--- START ---
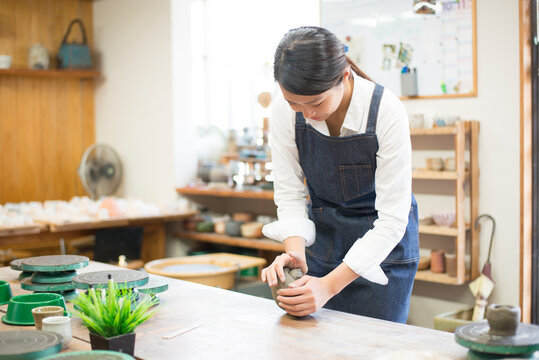 陶芸教室で粘土をこねている女性の手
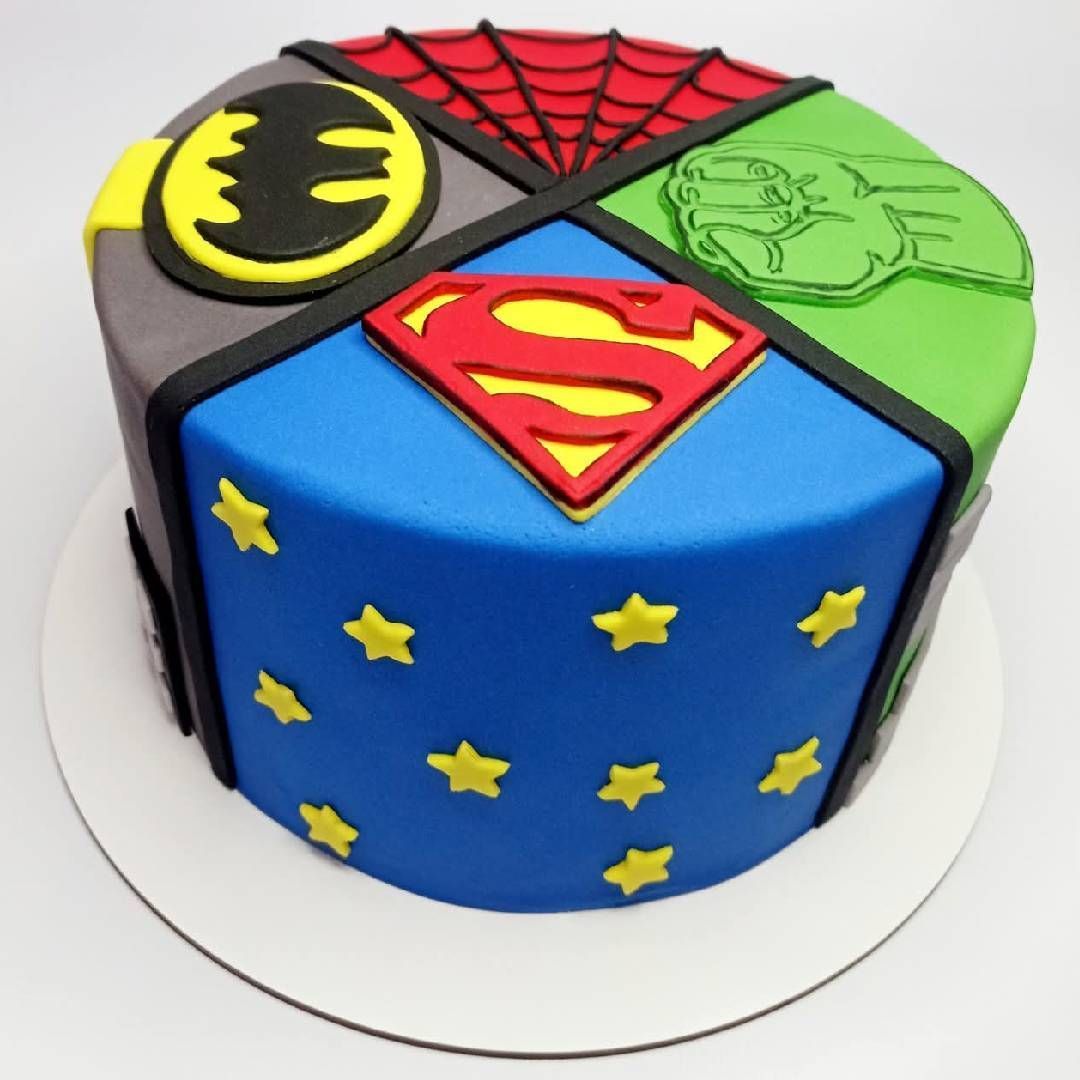 Tarta con temática de superhéroes con los logotipos de Batman, Spider-Man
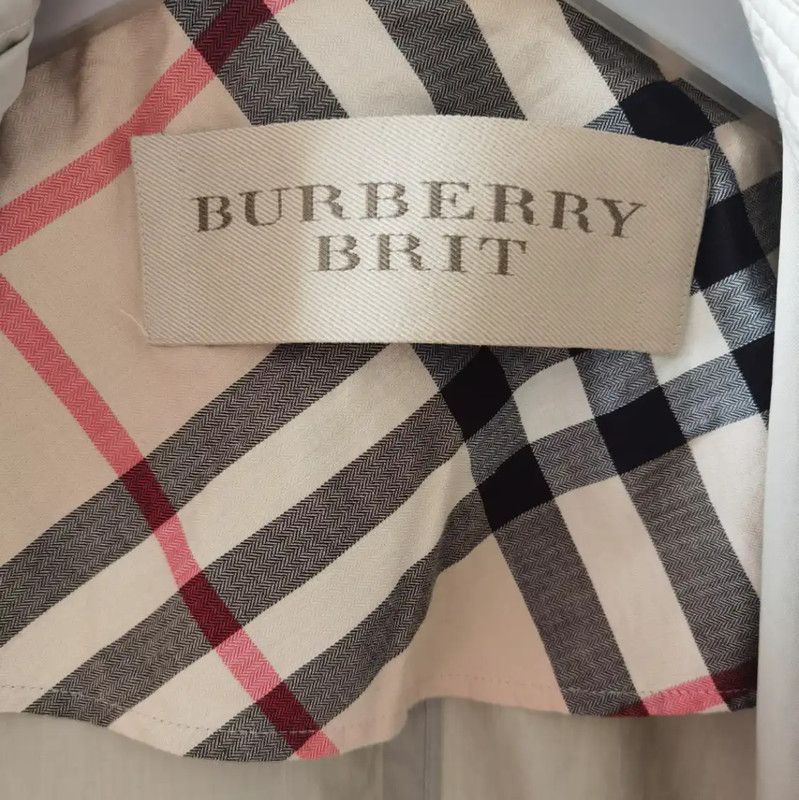 Burberry Burberry Women's Khaki Long Trench Coat Size M / US 6-8 / IT 42-44 - 2 Thumbnail
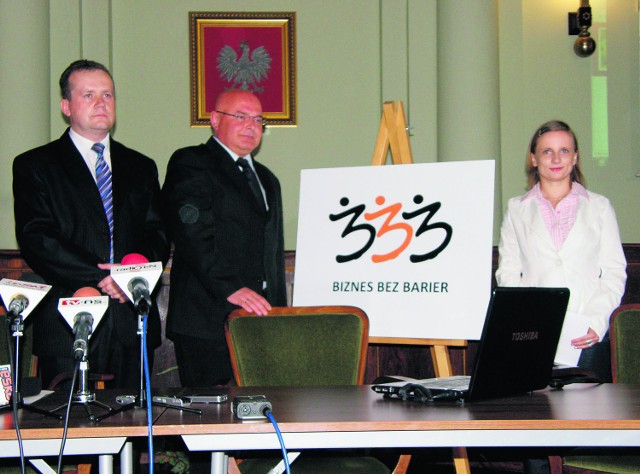 Logo akcji 3B i jego autorka Joanna Leśniak (z prawej)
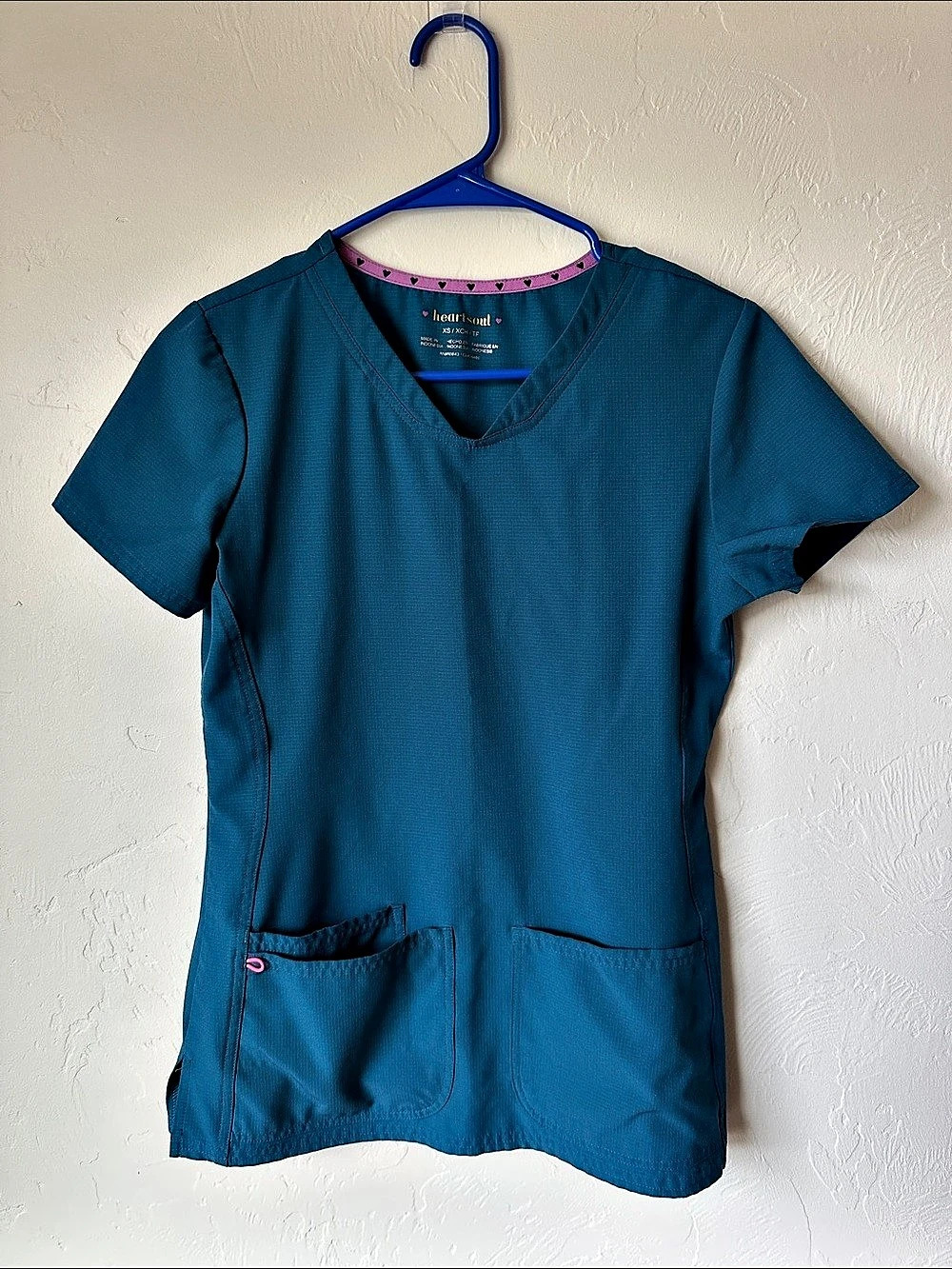 heart soul Short Sleeve Scrub Top in Blue XS Like New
--- END ---
Exercise details :: What is needed is an exact repeat of every entry above, with the pictures left out.

Answer below ::
 陶芸教室で粘土をこねている女性の手
 Tarta con temática de superhéroes con los logotipos de Batman, Spider-Man
 Burberry Burberry Women's Khaki Long Trench Coat Size M / US 6-8 / IT 42-44 - 2 Thumbnail
 Logo akcji 3B i jego autorka Joanna Leśniak (z prawej)
 heart soul Short Sleeve Scrub Top in Blue XS Like New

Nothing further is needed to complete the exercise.